Bug #85110 Ndb kernel is stuck in: Polling for Receive
Submitted: 21 Feb 2017 18:03 Modified: 24 Mar 2017 11:44
Reporter: Anirban Chakraborty Email Updates:
Status: No Feedback Impact on me:
None 
Category:MySQL Cluster: Cluster/J Severity:S1 (Critical)
Version:5.1.22 OS:SUSE (SUSE Linux Enterprise Server 11 (x86_64))
Assigned to: MySQL Verification Team CPU Architecture:Any
Tags: MySQL, ndb, NDB Kernal, polling, Receive, Stuck

[21 Feb 2017 18:03] Anirban Chakraborty
Description:
We had 4 node MySQL NDB cluster had up and running, but very often in one of the nodes, we are seeing the error as shown Ndb kernel is stuck in: Polling for Receive, then it triggers to fail the other nodes as well and NDB fails completely.  

Is there any way, we can prevent this happening? This is going to be in Production DB. Can anyone suggest what could be the best suggestion without upgrading the version of MySQL and NDB. 

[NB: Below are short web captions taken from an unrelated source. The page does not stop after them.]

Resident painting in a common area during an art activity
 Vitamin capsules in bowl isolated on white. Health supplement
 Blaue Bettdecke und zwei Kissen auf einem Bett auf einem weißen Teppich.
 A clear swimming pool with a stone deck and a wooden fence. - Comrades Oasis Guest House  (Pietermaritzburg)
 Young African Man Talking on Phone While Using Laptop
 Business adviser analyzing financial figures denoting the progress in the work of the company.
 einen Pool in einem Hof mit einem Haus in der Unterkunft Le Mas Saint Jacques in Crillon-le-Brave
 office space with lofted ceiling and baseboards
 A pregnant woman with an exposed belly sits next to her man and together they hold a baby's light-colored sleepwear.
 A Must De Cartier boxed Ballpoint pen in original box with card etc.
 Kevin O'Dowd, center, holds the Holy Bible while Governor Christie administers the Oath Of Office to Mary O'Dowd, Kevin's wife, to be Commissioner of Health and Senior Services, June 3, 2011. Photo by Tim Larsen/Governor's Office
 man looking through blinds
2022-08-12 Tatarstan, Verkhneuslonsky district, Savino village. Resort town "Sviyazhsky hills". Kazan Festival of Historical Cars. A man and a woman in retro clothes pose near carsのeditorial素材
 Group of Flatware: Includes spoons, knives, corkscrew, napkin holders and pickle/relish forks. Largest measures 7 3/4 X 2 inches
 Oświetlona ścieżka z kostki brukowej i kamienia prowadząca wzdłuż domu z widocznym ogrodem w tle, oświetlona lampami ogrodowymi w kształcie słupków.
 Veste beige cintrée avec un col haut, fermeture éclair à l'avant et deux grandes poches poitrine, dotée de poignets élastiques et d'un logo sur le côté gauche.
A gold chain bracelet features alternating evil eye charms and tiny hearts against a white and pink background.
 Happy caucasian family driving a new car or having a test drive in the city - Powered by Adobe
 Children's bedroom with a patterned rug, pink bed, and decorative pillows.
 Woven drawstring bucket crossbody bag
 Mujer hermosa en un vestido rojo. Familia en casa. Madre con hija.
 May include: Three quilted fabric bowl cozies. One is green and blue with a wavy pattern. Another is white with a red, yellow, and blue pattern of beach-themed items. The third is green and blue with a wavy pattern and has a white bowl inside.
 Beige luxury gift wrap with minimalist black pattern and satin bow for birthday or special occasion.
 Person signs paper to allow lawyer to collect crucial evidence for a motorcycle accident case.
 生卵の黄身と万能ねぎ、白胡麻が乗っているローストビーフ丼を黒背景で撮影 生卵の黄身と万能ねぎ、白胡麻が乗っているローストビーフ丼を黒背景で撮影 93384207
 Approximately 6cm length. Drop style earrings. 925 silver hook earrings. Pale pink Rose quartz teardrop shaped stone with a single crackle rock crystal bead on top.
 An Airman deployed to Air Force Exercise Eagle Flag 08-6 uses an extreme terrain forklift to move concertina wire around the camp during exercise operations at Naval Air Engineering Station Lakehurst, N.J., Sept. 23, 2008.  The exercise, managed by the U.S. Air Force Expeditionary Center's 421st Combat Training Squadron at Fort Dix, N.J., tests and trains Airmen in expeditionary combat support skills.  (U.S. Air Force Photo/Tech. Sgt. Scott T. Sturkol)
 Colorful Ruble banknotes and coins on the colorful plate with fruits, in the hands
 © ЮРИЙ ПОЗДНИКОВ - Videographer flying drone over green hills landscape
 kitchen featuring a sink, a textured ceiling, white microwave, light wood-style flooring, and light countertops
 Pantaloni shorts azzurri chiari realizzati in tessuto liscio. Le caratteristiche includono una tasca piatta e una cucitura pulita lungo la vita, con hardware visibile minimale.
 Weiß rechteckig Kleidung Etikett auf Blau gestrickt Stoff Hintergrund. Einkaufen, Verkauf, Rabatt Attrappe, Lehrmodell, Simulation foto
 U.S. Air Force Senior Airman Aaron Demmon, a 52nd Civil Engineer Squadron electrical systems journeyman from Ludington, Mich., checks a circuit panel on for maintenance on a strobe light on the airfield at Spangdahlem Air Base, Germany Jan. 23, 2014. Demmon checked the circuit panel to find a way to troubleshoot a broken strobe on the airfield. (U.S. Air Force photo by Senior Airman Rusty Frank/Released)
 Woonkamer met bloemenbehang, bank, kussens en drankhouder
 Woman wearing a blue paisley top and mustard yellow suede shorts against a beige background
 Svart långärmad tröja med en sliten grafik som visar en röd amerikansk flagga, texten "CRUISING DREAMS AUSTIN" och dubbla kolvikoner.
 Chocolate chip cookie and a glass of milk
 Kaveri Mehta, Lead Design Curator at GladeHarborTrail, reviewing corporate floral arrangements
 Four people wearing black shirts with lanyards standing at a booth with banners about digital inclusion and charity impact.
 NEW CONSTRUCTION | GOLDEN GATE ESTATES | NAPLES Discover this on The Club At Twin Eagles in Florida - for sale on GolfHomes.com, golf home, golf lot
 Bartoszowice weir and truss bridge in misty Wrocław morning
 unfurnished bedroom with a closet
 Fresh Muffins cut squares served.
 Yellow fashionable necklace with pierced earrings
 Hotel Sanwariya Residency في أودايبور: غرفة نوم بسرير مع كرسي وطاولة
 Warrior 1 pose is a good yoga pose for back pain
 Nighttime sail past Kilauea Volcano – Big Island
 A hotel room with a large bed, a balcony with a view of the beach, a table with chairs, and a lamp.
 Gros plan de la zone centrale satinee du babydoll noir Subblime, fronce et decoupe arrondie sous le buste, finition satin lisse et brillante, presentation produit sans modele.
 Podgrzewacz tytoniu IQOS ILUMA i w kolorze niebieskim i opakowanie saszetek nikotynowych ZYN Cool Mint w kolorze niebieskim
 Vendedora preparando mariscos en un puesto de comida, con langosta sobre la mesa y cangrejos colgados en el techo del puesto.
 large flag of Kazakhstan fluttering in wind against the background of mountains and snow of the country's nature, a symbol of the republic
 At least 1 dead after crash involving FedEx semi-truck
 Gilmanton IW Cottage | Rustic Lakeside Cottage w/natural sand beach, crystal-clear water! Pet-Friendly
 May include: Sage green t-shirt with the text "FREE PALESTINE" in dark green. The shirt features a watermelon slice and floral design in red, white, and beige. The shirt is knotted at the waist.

2017-02-17 22:47:02 [ndbd] WARNING  -- Ndb kernel is stuck in: Polling for Receive
2017-02-17 22:47:02 [ndbd] INFO     -- Watchdog: User time: 77662  System time: 18051
2017-02-17 23:00:48 [ndbd] INFO     -- Watchdog: User time: 78660  System time: 18391
2017-02-17 23:00:48 [ndbd] WARNING  -- Watchdog: Warning overslept 281 ms, expected 100 ms.
2017-02-17 23:05:51 [ndbd] INFO     -- Watchdog: User time: 78774  System time: 18437
2017-02-17 23:05:51 [ndbd] WARNING  -- Watchdog: Warning overslept 553 ms, expected 100 ms.
2017-02-17 23:05:52 [ndbd] INFO     -- Watchdog: User time: 78774  System time: 18437
2017-02-17 23:05:52 [ndbd] WARNING  -- Watchdog: Warning overslept 774 ms, expected 100 ms.
2017-02-17 23:05:52 [ndbd] WARNING  -- Ndb kernel is stuck in: Polling for Receive
2017-02-17 23:05:52 [ndbd] INFO     -- Watchdog: User time: 78774  System time: 18437
2017-02-17 23:05:52 [ndbd] INFO     -- Arbitrator decided to shutdown this node
2017-02-17 23:05:52 [ndbd] INFO     -- QMGR (Line: 4897) 0x0000000a
2017-02-17 23:05:52 [ndbd] INFO     -- Error handler shutting down system
2017-02-17 23:05:52 [ndbd] INFO     -- Error handler shutdown completed - exiting
2017-02-17 23:05:52 [ndbd] ALERT    -- Node 4: Forced node shutdown completed. Caused by error 2305: 'Node lost connection to other nodes and can not form a unpartitioned cluster, please investigate if there are error(s) on other node(s)(Arbitration error). Temporary error, restart node'.

How to repeat:
The above error triggers everytime we restart the NDB services and had it from the beginning up and running. The error triggers within couple of hours in the same data node. 

Suggested fix:
Complete restart services of NDB cluster and MySQL DB.
[24 Feb 2017 11:44] MySQL Verification Team
Hi,

This does not look like a bug but improperly configured mysql cluster.
Without full logs (prepare them by using ndb_error_reporter) I can't say for sure but what I see from the snippet you sent, that data node is overloaded.

best regards
Bogdan
[25 Mar 2017 1:00] Bugs System
No feedback was provided for this bug for over a month, so it is
being suspended automatically. If you are able to provide the
information that was originally requested, please do so and change
the status of the bug back to "Open".